Another notable difference is the killing of the Marshall. In the theatrical version his throat is slit, while in the TV version it is softened, with Michael grabbing him and stabbing him from behind (with no detail shown). While the theatrical version ends with the deaths of Michael Myers and Dr. Loomis and leaves the audience in a gray area as to whether Jimmy survives, the television cut features an extended ending showing Jimmy alive (with a bandaged head wound from his slip) in the ambulance with Laurie Strode. They hold hands and Laurie says, "We made it."

===1988 television edit of Dune (1984)===
The rough cut of Dune, without post-production effects, ran over four hours long but director David Lynch's intended cut of the film (as reflected in the seventh and final draft of the script) was almost three hours long. Universal and the film's financiers expected a standard, two-hour cut of the film. Dino De Laurentiis, his daughter Raffaella and Lynch excised numerous scenes, filmed new scenes that simplified or concentrated plot elements and added voice-over narrations, plus a new introduction by Virginia Madsen. Contrary to rumor, Lynch made no other version besides the theatrical cut.

As previously mentioned, a television version was aired in 1988 in two parts totaling 186 minutes including a "What happened last night" recap and second credit roll. Lynch disavowed this version and had his name removed from the credits, Alan Smithee being credited instead. This version (without recap and second credit roll) has occasionally been released on DVD as Dune: Extended Edition. Several longer versions have been spliced together. Although Universal has approached Lynch for a possible director's cut, Lynch has declined every offer and prefers not to discuss Dune in interviews.

In 1992, KTVU, pieced together a hybrid edit of the two previous versions for broadcast in the San Francisco Bay Area. It is essentially the television version with all the violence of the theatrical version reincorporated into the film, along with many of the "fabricated" shots objected to by Lynch removed.

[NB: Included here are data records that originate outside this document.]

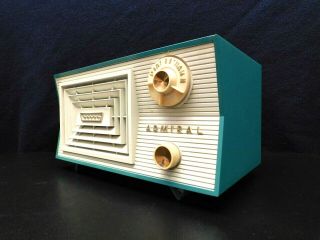 Vintage 1950s Old Admiral Gem Art Deco Antique Blue Bakelite Radio & Plays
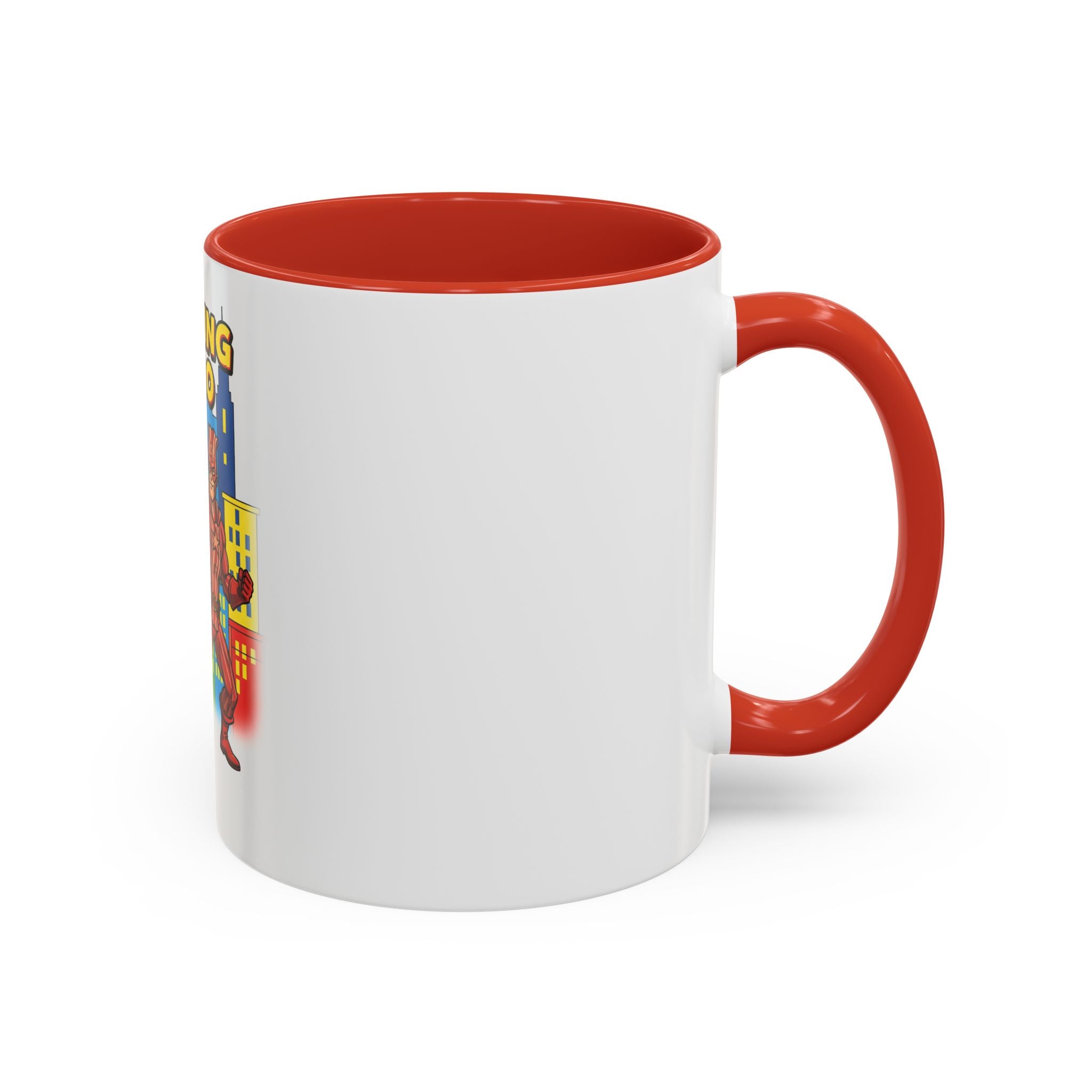 Sizzling Hero Mug | Accent Coffee Mug 11oz 15oz, Superhero City Design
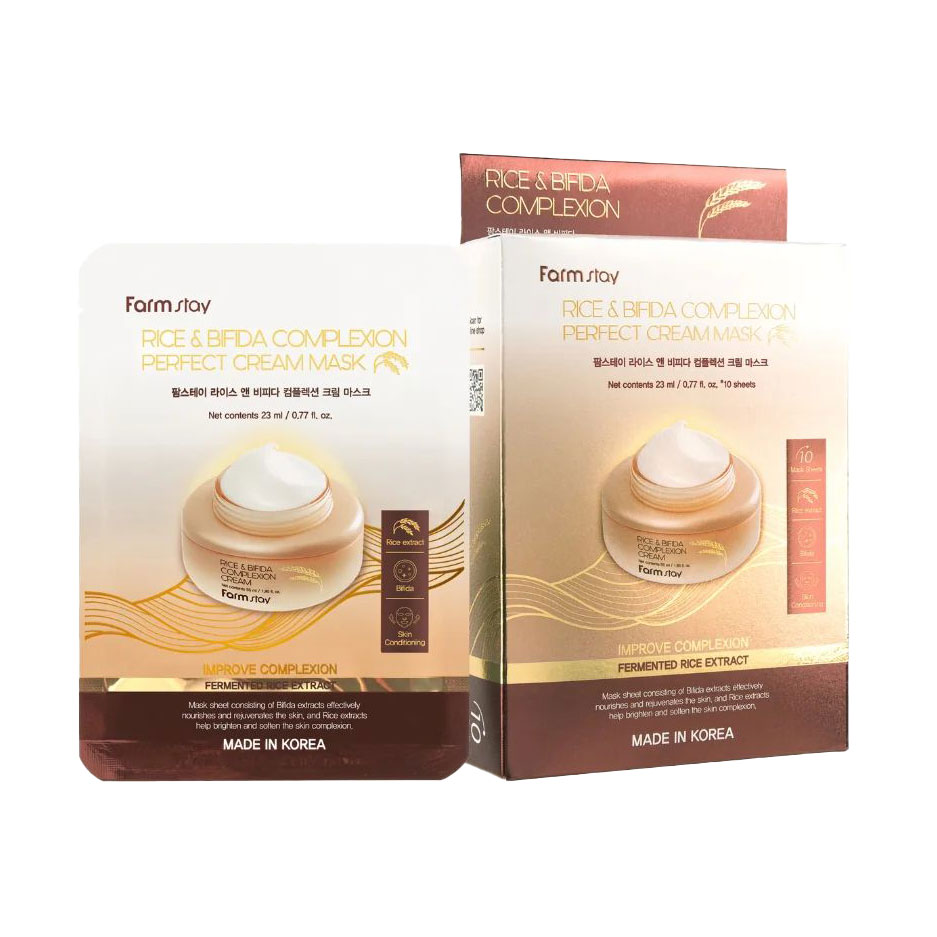 

Тканинна крем-маска для обличчя FarmStay Rice & Bifida Cream Mask, 10*23 мл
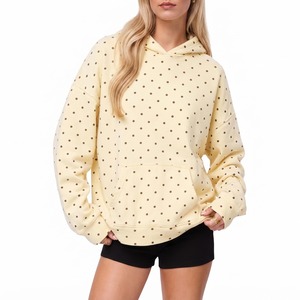 Sweat-shirt à capuche surdimensionné à pois pour femmes avec poches, coupe classique, vêtements d'automne, sweat-shirt en coton tricoté pour femmes - Product Image 1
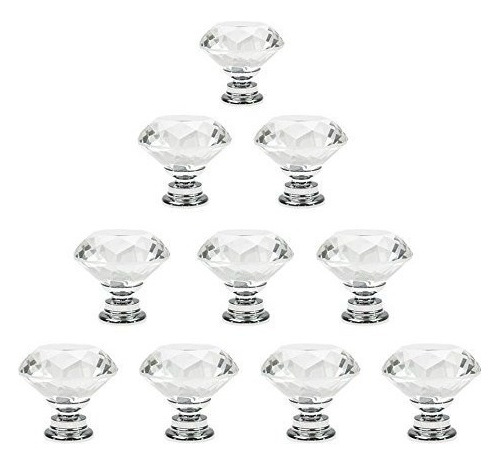 Dxhycc 10 Piezas De Cristal Vitrina Perillas 30 Mm En Forma 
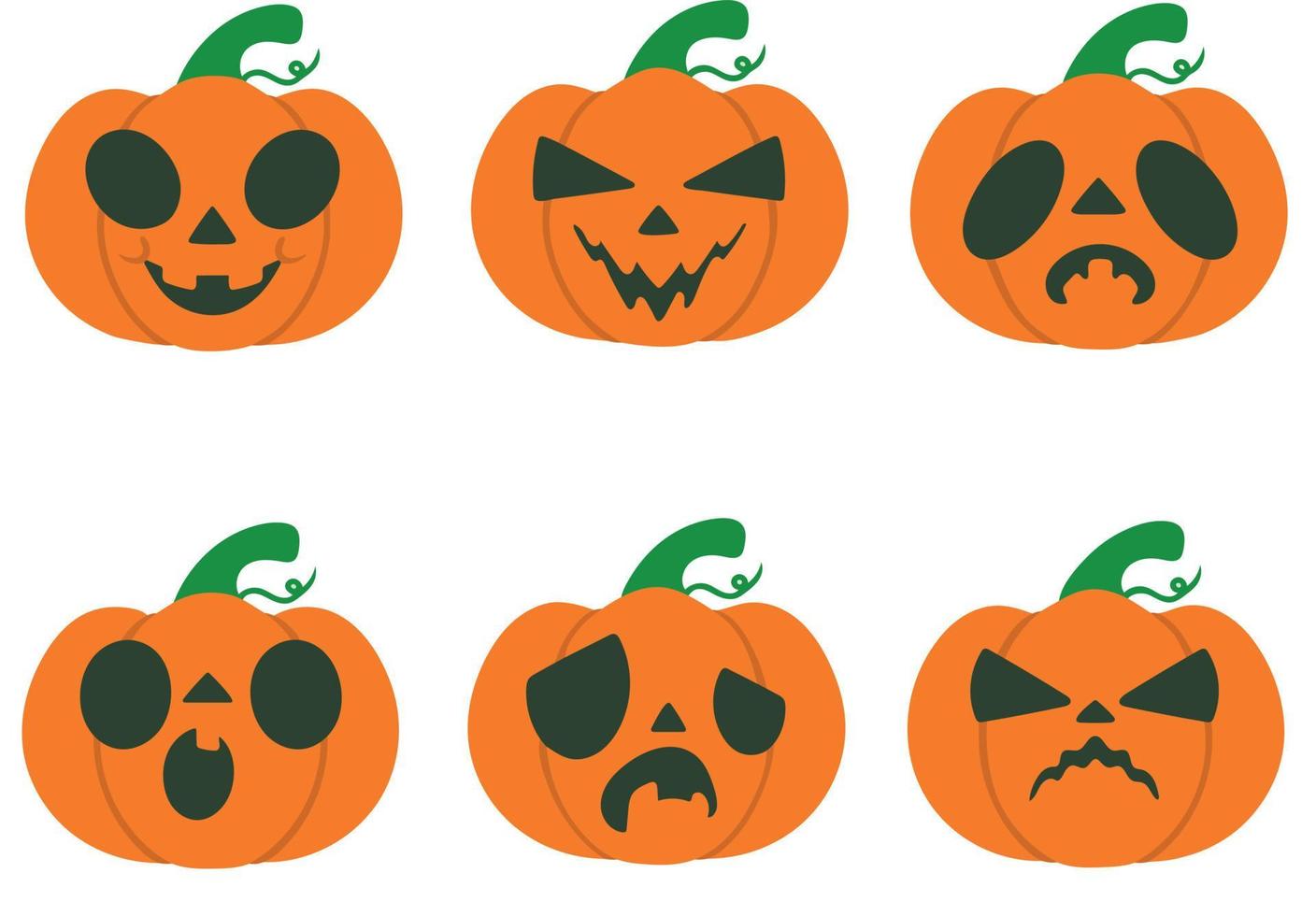 Collection of six helloween pumpkins with different emotions. Set isolated on white background. Vector illustration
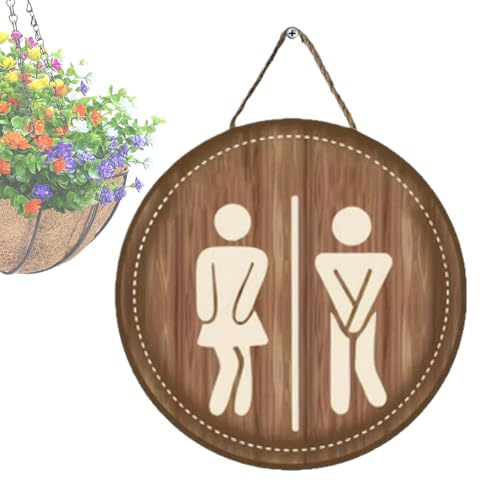 Cartel de Aseo para Puerta | Adorno Mono Unisex Para Aseo O Baño - Decoración Divertida para Oficina Centro Comercial Mujeres Hombres Escuela Hotel Restaurantes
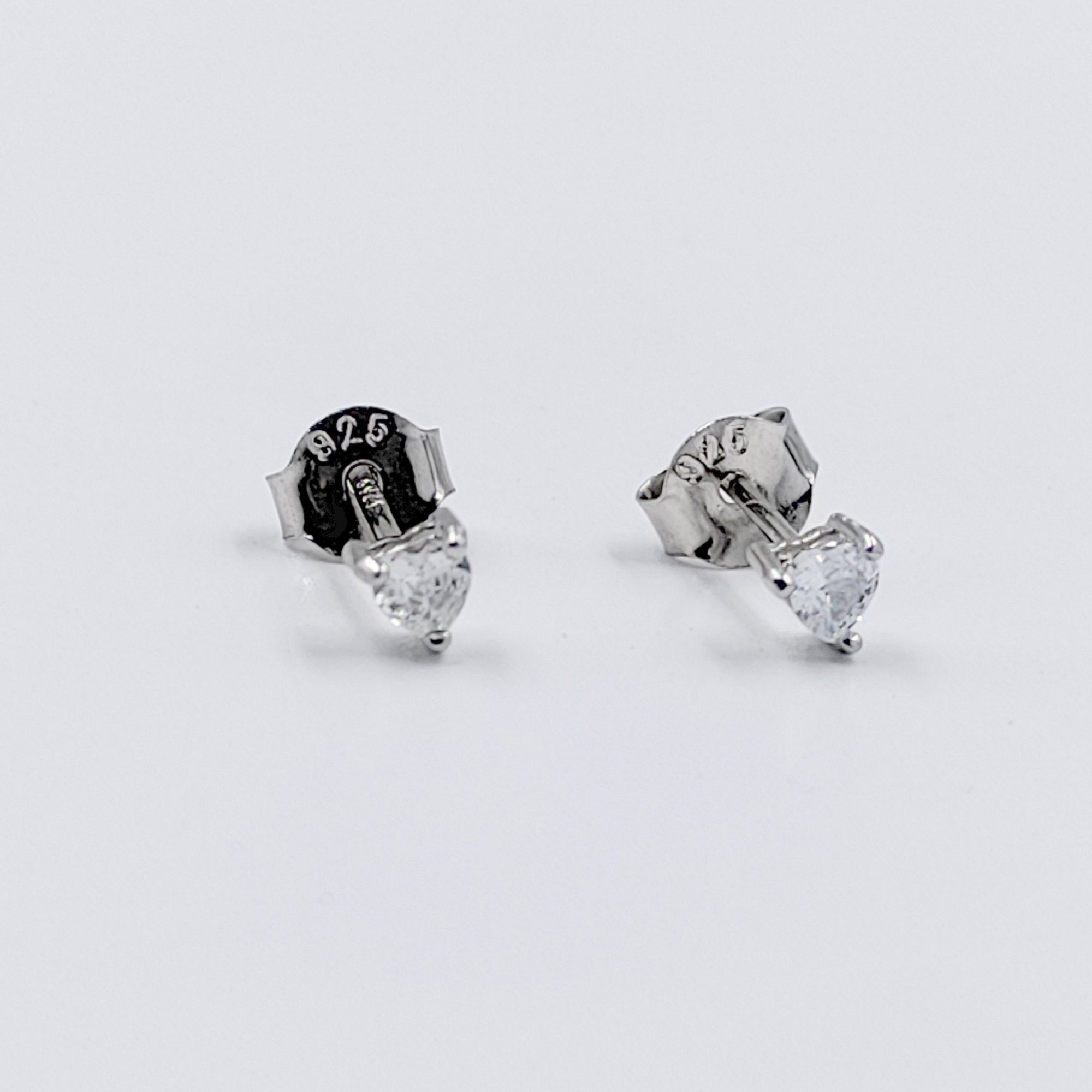 Tiny Heart Shaped Cubic Zirconia Diamond Stud Earrings 925 Silver Earring with Sparkling CZ Minimalist Handmade Gift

===1989 syndication version of Brazil (1985)===
In 1985, a much-publicized war emerged between director Terry Gilliam and Universal's then-COO Sid Sheinberg over the final cut of Brazil for the film's North American release. Against Gilliam's wishes, Sheinberg wanted to cut the film from Gilliam's preferred 142 minute cut to 93 minutes and modify the dark sci-fi satire into an uplifting romance, complete with a happy ending. After Gilliam created an ambitious campaign to wrestle the film away from Sheinberg, including clandestine screenings of his preferred cut, which led to the Los Angeles Film Critics Association awarding the film Best Picture and Best Director, Sheinberg backed down and Universal released a "compromised" cut running 131 minutes and featuring a few of the changes suggested by Sheinberg while remaining faithful to Gilliam's vision.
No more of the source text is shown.